* _Required action_: Pictures are to be left out, and only the lines below starting at the one with "Only My Way Belted Tube PU Top - Image 2" and ending at the one with "Religion find a word Word Search" are to be reproduced, each exactly, both ends included.

* _Extracted data_:

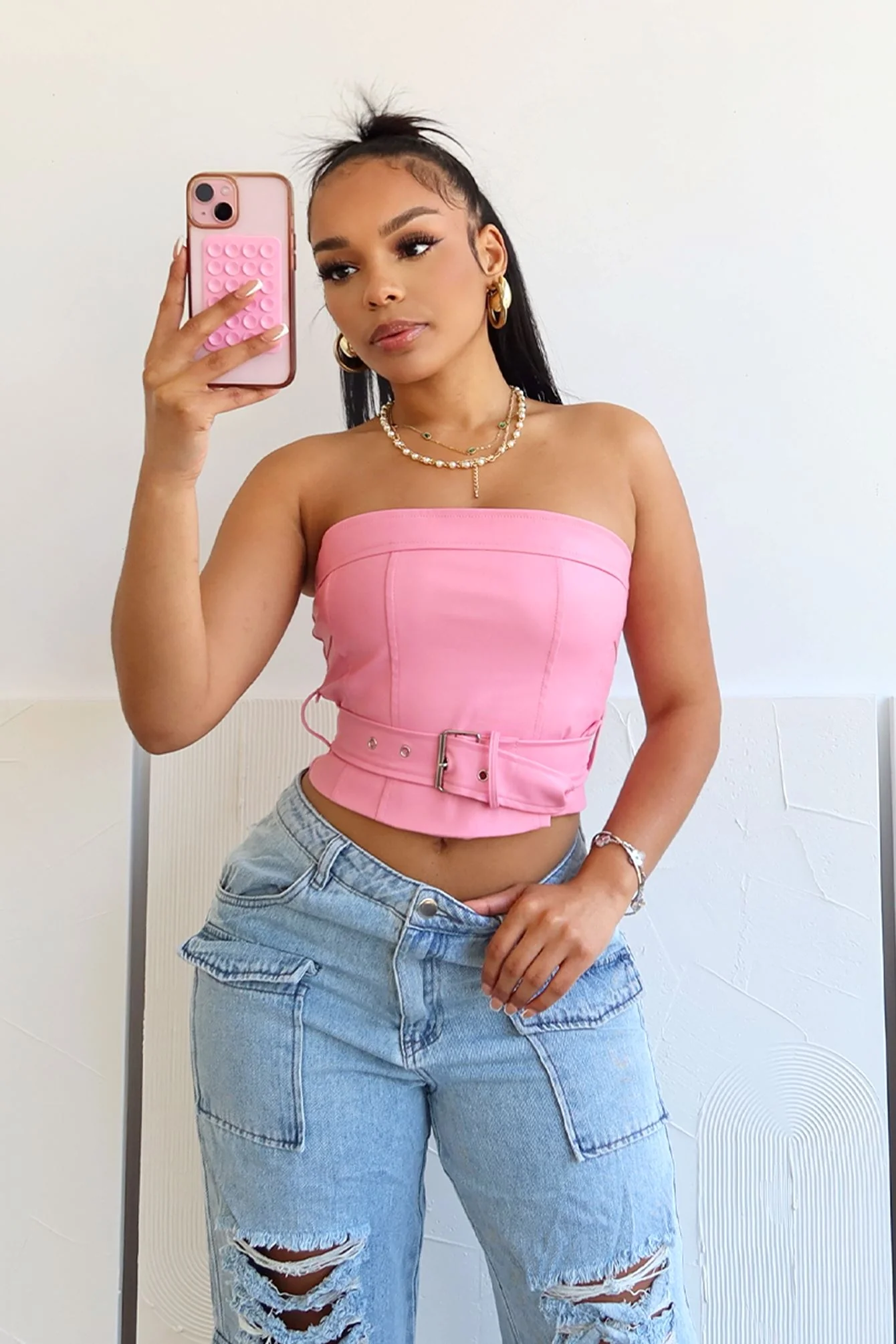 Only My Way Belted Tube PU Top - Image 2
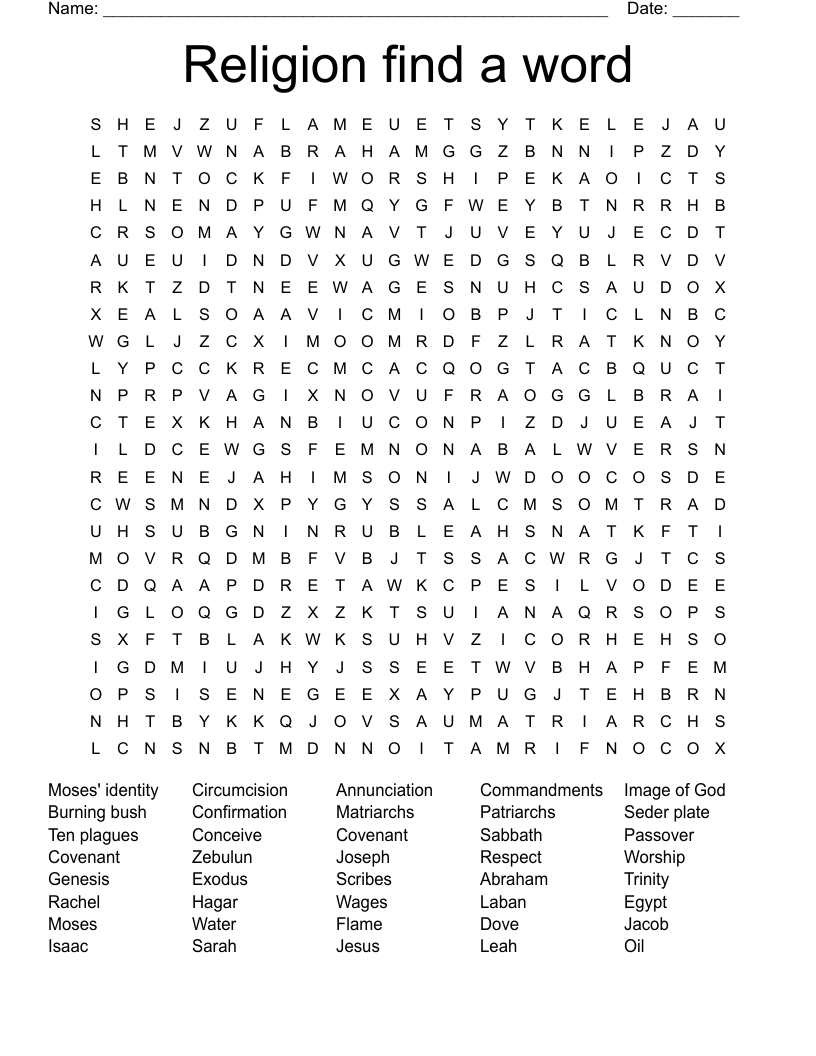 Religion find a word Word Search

==

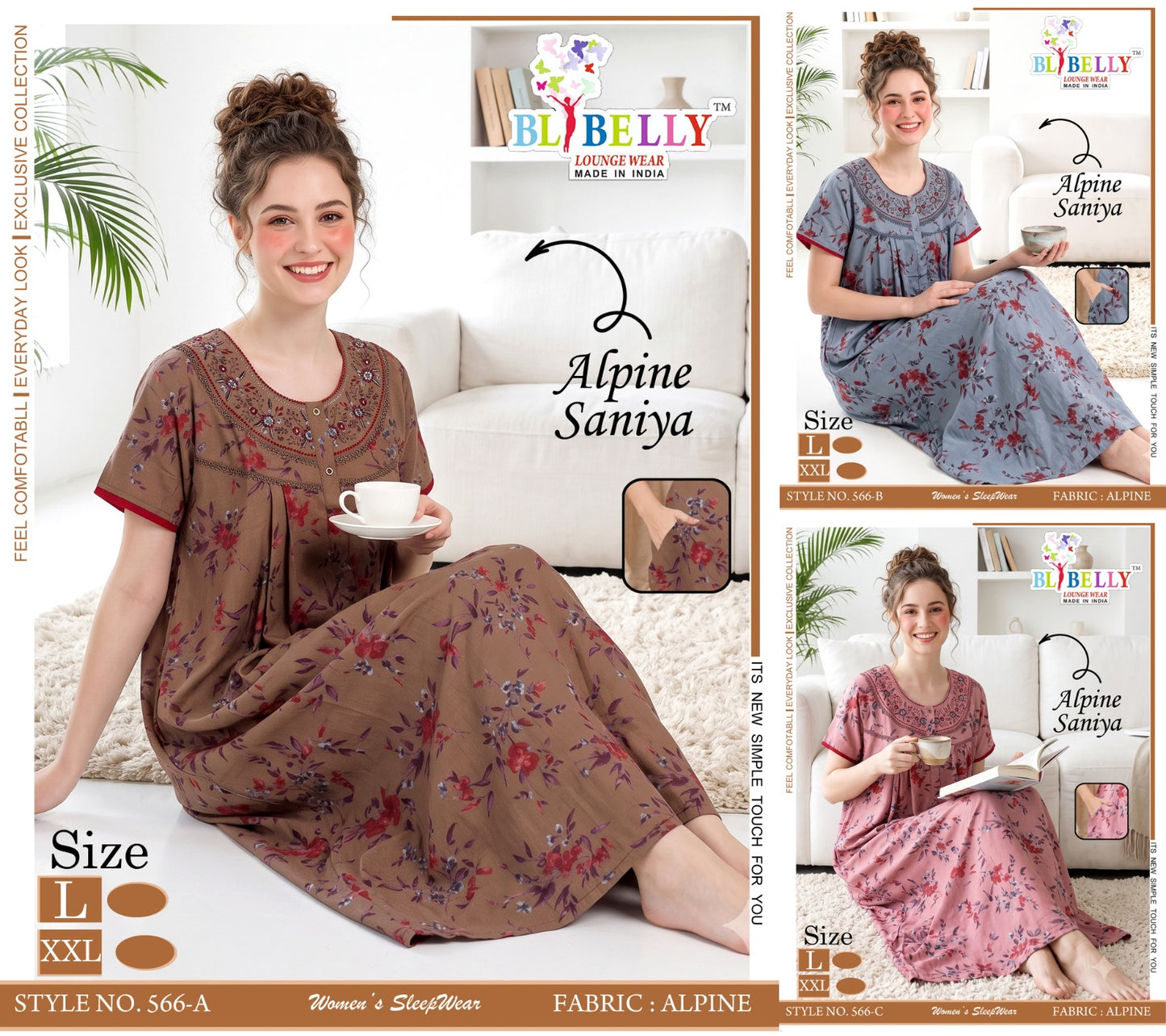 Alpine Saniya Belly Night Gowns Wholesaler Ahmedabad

--

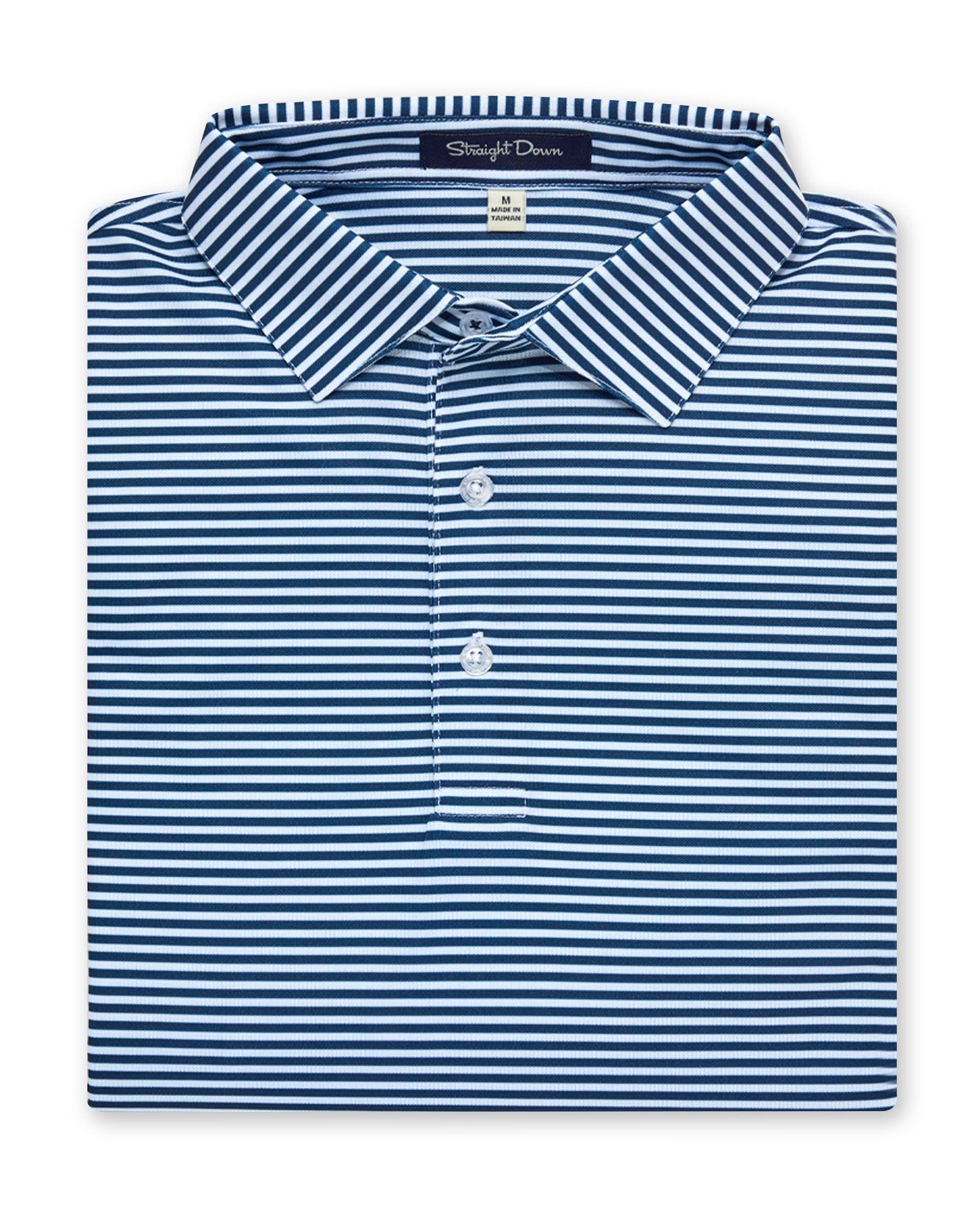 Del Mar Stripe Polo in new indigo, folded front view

* _Expected output_:
 Only My Way Belted Tube PU Top - Image 2
 Religion find a word Word Search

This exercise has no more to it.